During my recent visit to Poland, my priest friend of 33 years, Father Leszek Harasz, and I were walking in the huge Market Square in Krakow. It was a beautiful sunny day, and many people were milling about the square and going into the Church of St. Mary to spend time in adoration before the exposed Blessed Sacrament. Many Ukrainian refugees were present in the square and organizing a prayer service for the protection of their homeland. There was an atmosphere of openness and free expression of deeply held religious faith.
It reminded me that there were decades in the 20th century when freedom and the expression of faith were not the reality in the streets of Krakow. During the time of Cardinal Karol Wojtyła (later Pope John Paul II), there was a great conflict between the Church and the communist state. One of the very visible manifestations of the tense relationship was the Corpus Christi procession.
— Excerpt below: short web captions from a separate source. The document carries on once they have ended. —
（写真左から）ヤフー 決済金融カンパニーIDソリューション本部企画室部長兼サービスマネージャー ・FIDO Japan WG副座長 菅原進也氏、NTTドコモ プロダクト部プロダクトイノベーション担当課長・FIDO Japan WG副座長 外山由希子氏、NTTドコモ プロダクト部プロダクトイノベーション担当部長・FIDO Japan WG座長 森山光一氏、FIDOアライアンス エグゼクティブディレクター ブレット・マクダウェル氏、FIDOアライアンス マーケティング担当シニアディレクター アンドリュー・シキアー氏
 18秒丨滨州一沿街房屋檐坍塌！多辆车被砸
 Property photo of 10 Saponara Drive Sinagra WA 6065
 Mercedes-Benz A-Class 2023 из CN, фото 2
This historic expression of faith was forbidden by the authorities. It had been banned during the Nazi occupation. Under the communists, because of the insistence of Cardinal Wojtyła, a truncated outdoor procession occurred on the cathedral grounds only. Cardinal Wojtyła was absolutely convinced that the Lord Jesus truly present in the Blessed Sacrament needed to be taken out into the streets as a sign of faith and hope for people and a testimony to the presence of God in their midst.
On June 10, 1971, the first time since the Second World War that the Corpus Christi procession was permitted beyond the cathedral grounds, Archbishop Wojtyła preached at the fourth stational altar, “We are the citizens of our country, the citizens of our city, but we are also a people of God which has its own Christian sensibility…”
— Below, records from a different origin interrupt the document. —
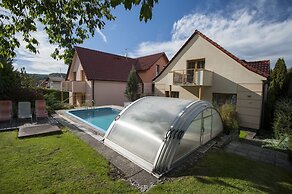 Hotel Garni Pod Skalkou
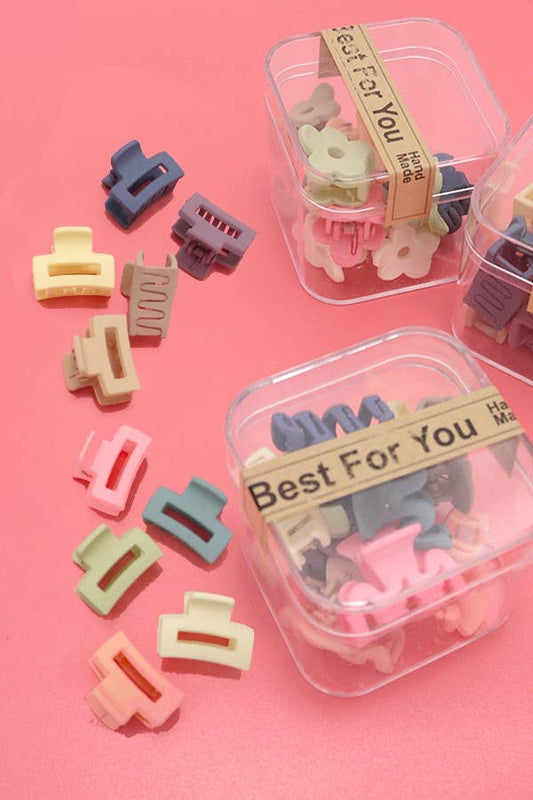 Mini Pack of 10 Flower Wavy Clips In A Case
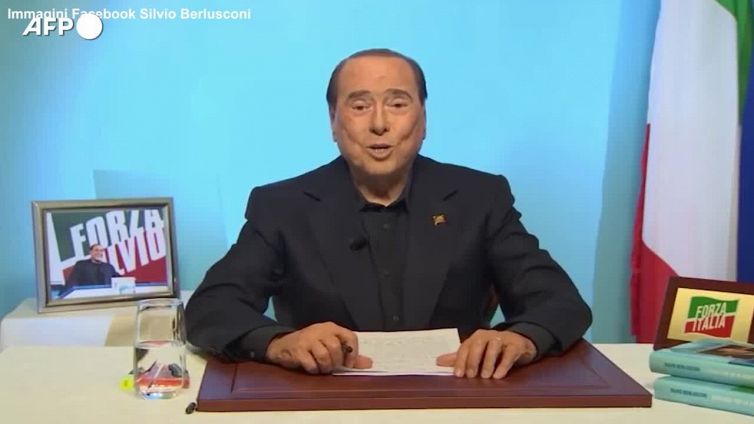Addio a Berlusconi, l'outsider politico che sdogano' la destra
His desire to take the Blessed Sacrament into the streets of his beloved Krakow and into the Market Square (where I recently walked) was about claiming a space for God. He was not talking about space in only a geographical sense. Rather, Cardinal Wojtyła was speaking about the Body of Christ, the People of God, the Church, asserting its rightful place in the world. The brilliance of his idea was that the Church as the Body of Christ -- the baptized -- claimed this space by walking in procession with the Real Presence of the Body of Christ in the Holy Eucharist.
For years, the Corpus Christi procession continued in this greatly truncated path. In 1977, during the procession with the Blessed Sacrament, Cardinal Wojtyła said, “I spoke of our matters (freedom to live and express our faith)…so that we might all understand that He, living in the Sacrament of the Eucharist, lives our human life…” Only after his election as pope, on a return visit to his homeland, was he able to take Jesus in the Blessed Sacrament into Market Square.
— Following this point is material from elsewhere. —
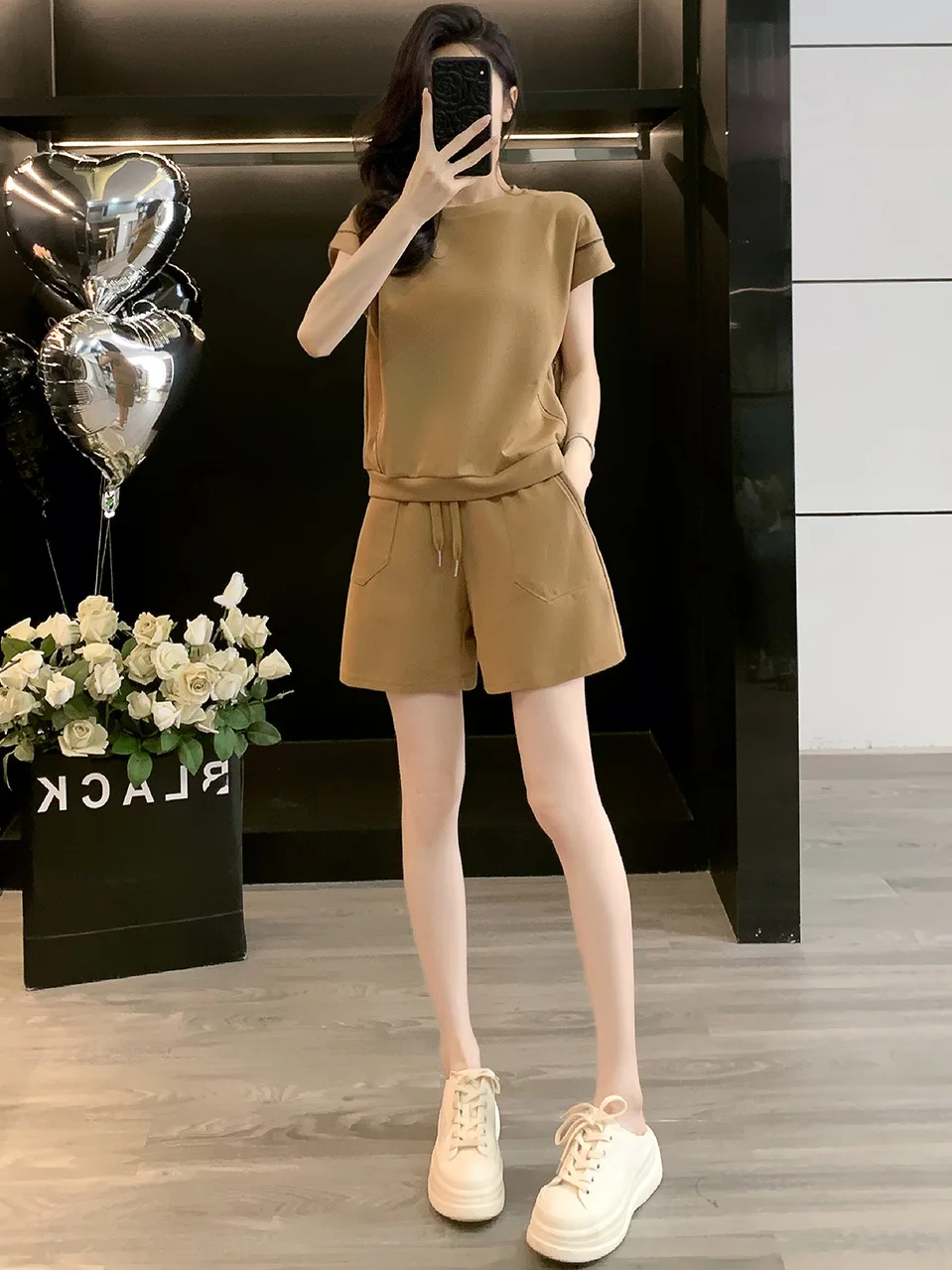 

Повседневный спортивный костюм: женский комплект из топа с коротким рукавом и шорт, двухсоставный костюм для похудения и омоложения, летний наряд от La La Shang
As we look forward to Corpus Christi Sunday with Mass and the procession with Our Lord in the Blessed Sacrament in our parishes or in St. Paul Cathedral, the words of Pope St. John Paul II should inspire us. We take Jesus Himself in the Blessed Sacrament into our streets to express our deep and abiding faith in Him truly, sacramentally present in our midst, so that a world that desperately needs love and healing may experience His merciful Presence.
That is precisely what Pope Francis spoke of on the Solemnity of Corpus Christi in 2021: “In the end, and at the end of our solemn Eucharistic liturgies as well, only love will remain. Even now, our Eucharistic celebrations are transforming the world to the extent that we are allowing ourselves to be transformed and to become bread broken for others.”